Amazon is planning to invest more heavily into grocery delivery.

E-commerce giant Amazon is expanding its physical presence even further in the U.S. as it seeks to grow parts of its delivery business.

The online retailer is planning to use its same-day fulfillment centers for delivery of perishable groceries and pharmacy goods, CEO Andy Jassy wrote in a letter to shareholders this week.

The company has 58 of these same-day delivery sites in the largest metropolitan areas in the U.S., allowing it to assemble and ship customer orders in as little as 11 minutes, Jassy wrote.

“The experience has been so positive for customers that we’re planning to double the number of these facilities,” he said in the letter.

A service like this would allow customers to purchase perishable groceries like milk and eggs, or medicines like antibiotics or throat lozenges. Same-day delivery could eventually be completed by drones, Jassy said.

Amazon has already piloted its drone delivery service for medication in locations like College Station, Texas, CoStar reported. It has since expanded same-day prescription drug delivery services to New York City and Los Angeles and plans to add around a dozen more cities this year.

The latest plan for physical stores is part of Amazon’s search for its fourth pillar of growth — following its cloud computing business, Amazon Web Services, its subscription service, Prime, and its online marketplace, Jassy said in the letter.

The e-commerce goliath has spent years trying to expand into grocery and pharmacy businesses. Amazon, which owns Whole Foods, had roughly a 3% share of the U.S. grocery market almost a year ago, with rivals Walmart and Kroger dwarfing the online marketplace’s selection of grocery offerings, The Wall Street Journal reported.
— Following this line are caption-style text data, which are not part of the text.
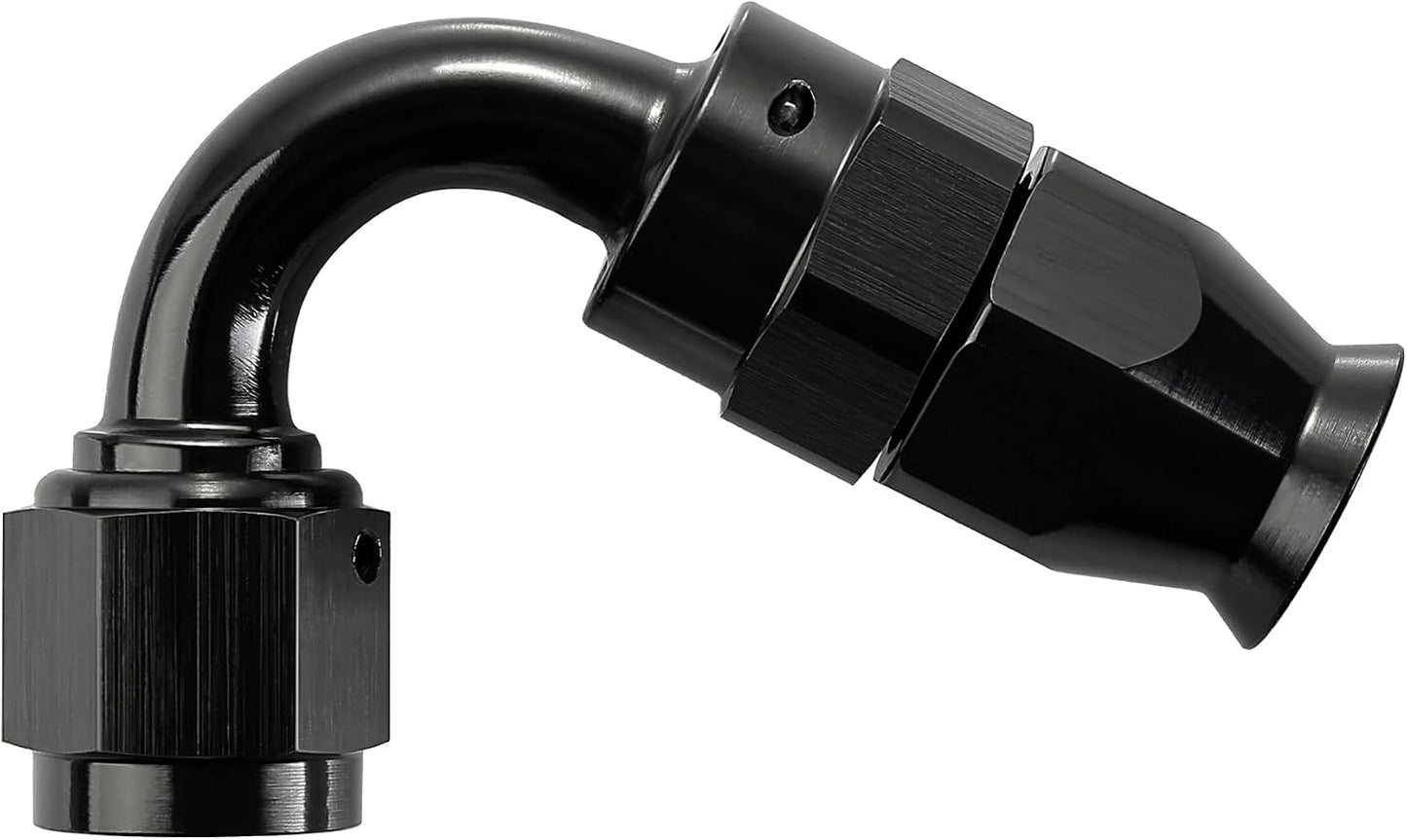 Ajuste extremo manguera PTFE 120 grados negro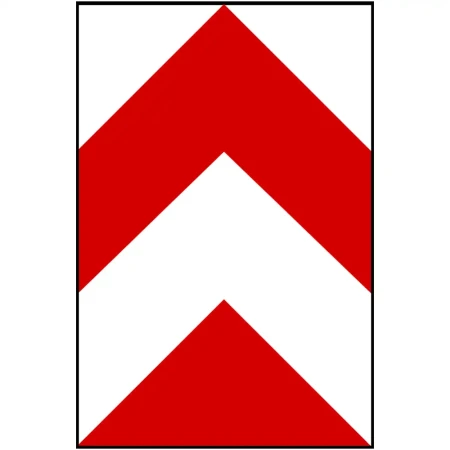 Tablica U-4b - folia odblaskowa II generacji - 750x500 mm - sklep drogowy Widrog.webp
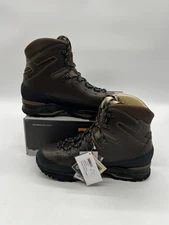 Zamberlan 972 Guide Max GTX RR Mens Sz 8 Dark Brown Leather Vibram Hiking Boots.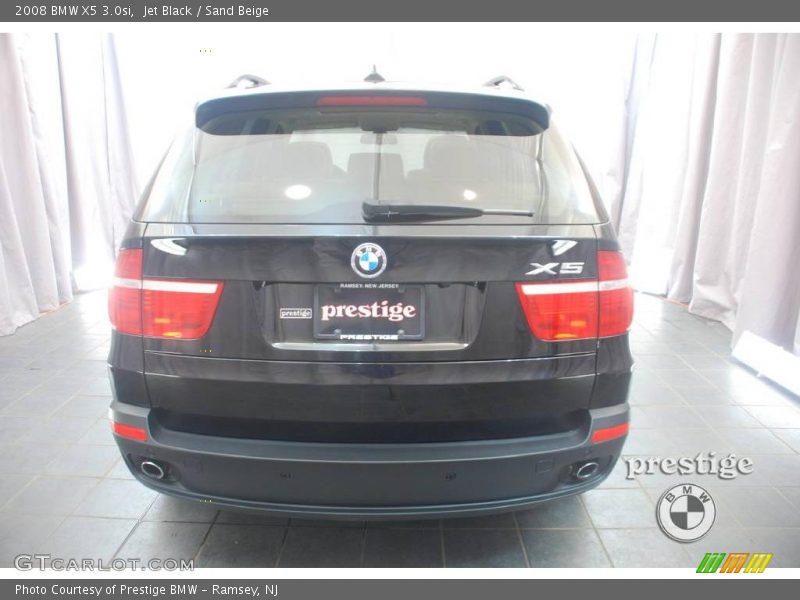 Jet Black / Sand Beige 2008 BMW X5 3.0si
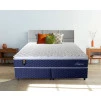 Conjunto Cama Box Queen Size Lagras 158x198x66 Azul Molas Ensacadas 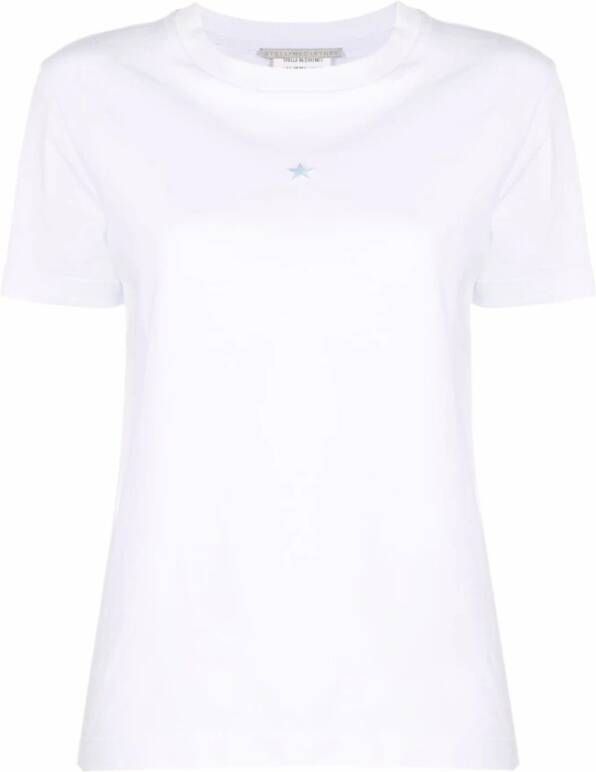 Stella Mccartney Witte Katoenen T-Shirt Ss22 White Dames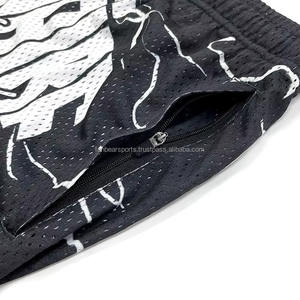 Shorts en maille personnalisés 100 % polyester, design sublimation, pour garçons et hommes, style basketball, pour la plage, fournisseur en gros, dernier design - Product Image 5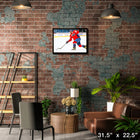 Alexander Ovechkin Washington Capitals Shooting sur toile - Toile encadree - 31" x 22"-Sous licence officielle de la LNH et de l'AJLNH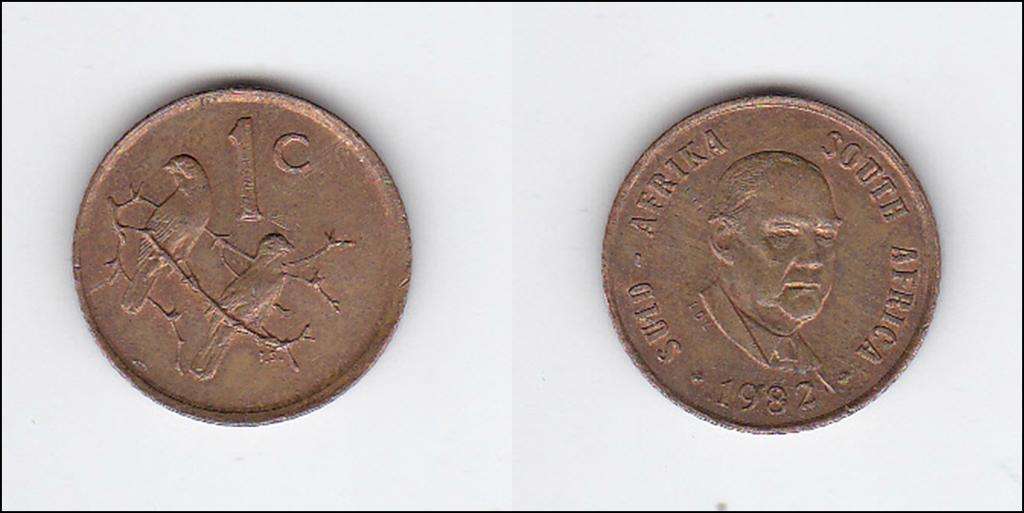 SOUTH AFRICA 1 CENT 1982 HIGH GRADE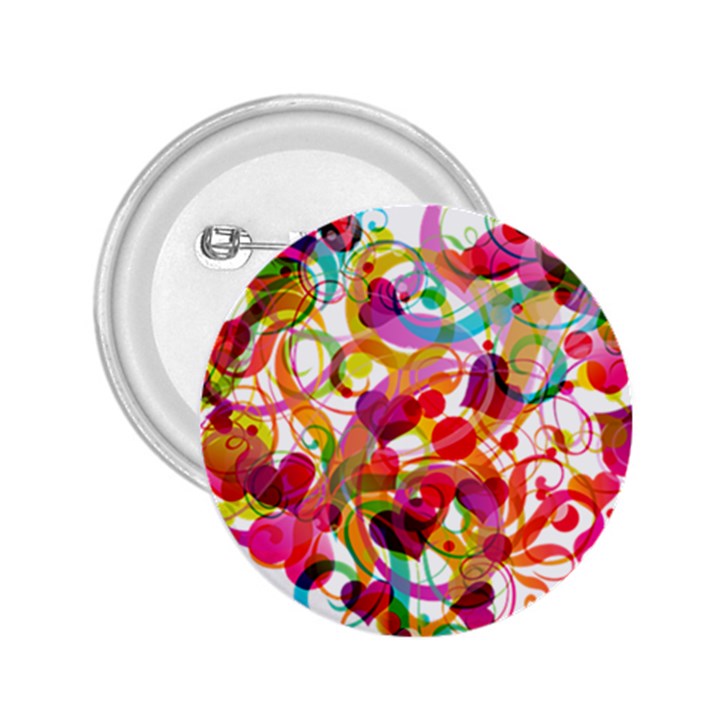 Abstract Colorful Heart 2.25  Buttons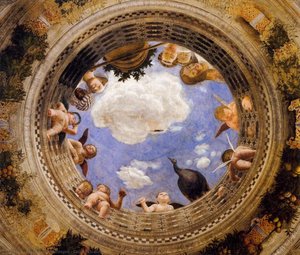 Ceiling Oculus — Andrea Mantegna, Renaissance Mannerism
It announced in early 2023 that it would pause the expansion of Amazon Fresh, its brick-and-mortar grocery concept, citing leasing costs. But by the end of last year, Amazon said it was once again expanding its brick-and-mortar offerings, following multiple store redesigns and new offerings like coffee and doughnut stations.

Earlier this year, Amazon announced that it would open smaller Whole Foods stores, ranging from 7K SF to 14K SF, as part of a pit stop-style grocery model that would allow customers to drop by for one or two items.

“The introduction of home delivery has changed customers’ mentality,” Christina Minardi, Whole Foods Market executive vice president of growth and development, previously told Bloomberg. “People want things fast.”